Though the population is opposed to a military rule (but supports its ability to fight against corruption in the political class), the large success at the referendum indicates its fatigue with an unstable and uncertain political system and polarised forces which favour a state of endless and recurrent instability periods and consequently affect the economy and policy-making.
The popular Pheu Thai Party (PTP) led by the Shinawatra family is the obvious major loser from this Constitution, but the same might be said for the royalist and urban Democratic Party as well, as any future elected civilian coalition government will be weak. More fundamentally, democracy is much weakened after decades of democratic rule interrupted by sporadic military coups.
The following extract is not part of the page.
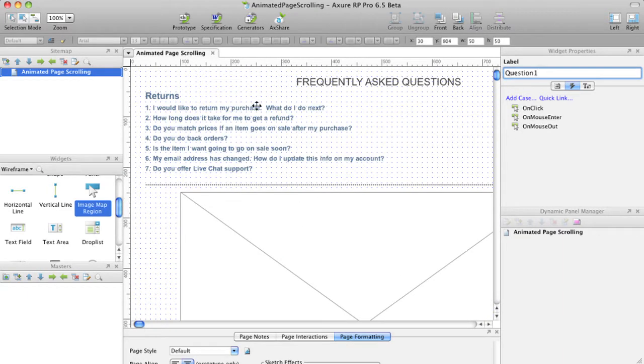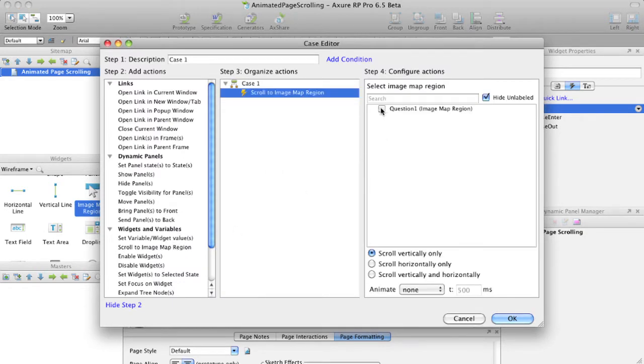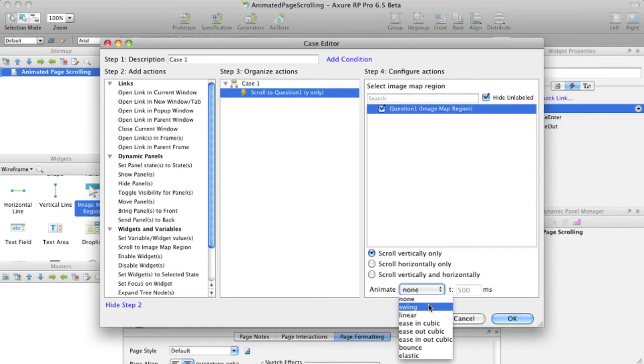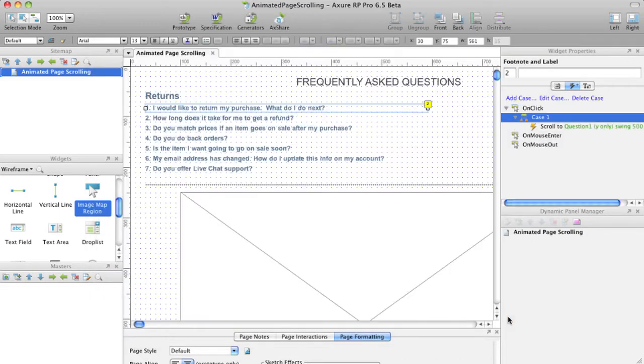Add an event to a widget and choose the action scroll to image map region. Select the image map you'd like to scroll to and choose an animation in the drop list.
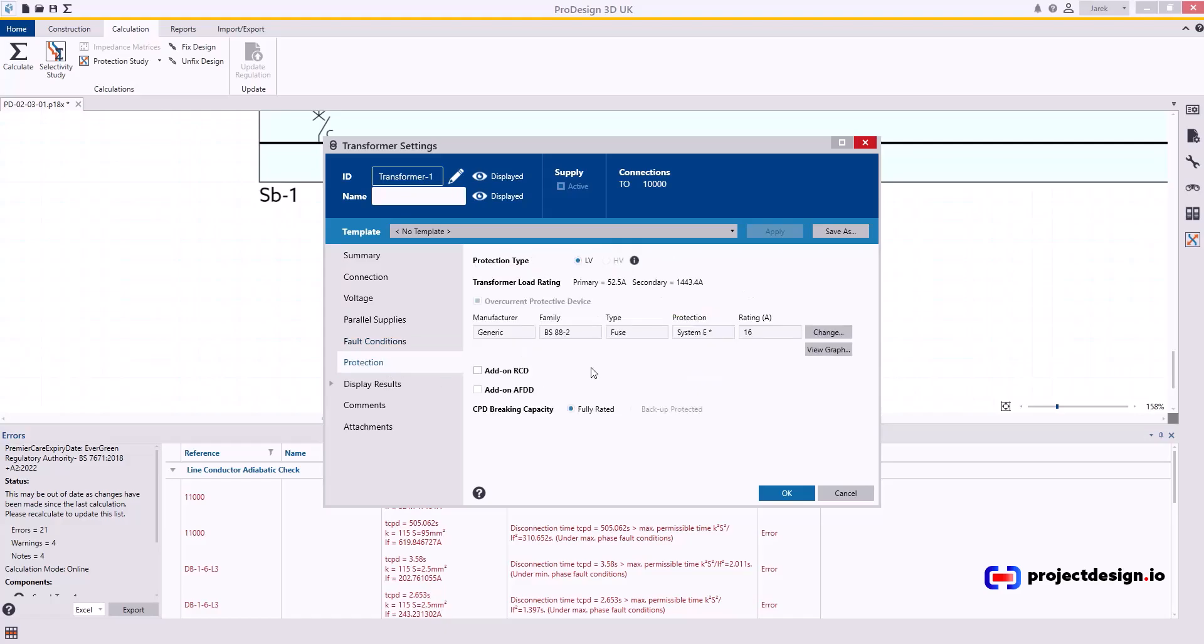Protection. 16 amp fuse. Again, that's not realistic. So let's change this.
In the short term and until elections are held, political and domestic stability should be ensured given the popular support for the new Constitution and the expectedly maintained military grip on civil society. Current PM and junta leader Prayuth Chanocha, the first winner of the referendum, appears to be the favourite future PM.
The economy is likely to gain from enhanced stability, especially investor confidence after three years of disappointing performances, unless recent bomb attacks from Muslim separatists in tourist destinations in the South affect tourism and the economy.
Medium- to long-term stability is questionable with governments constrained by the military and having limited powers which might frustrate voters, especially among PTP supporters.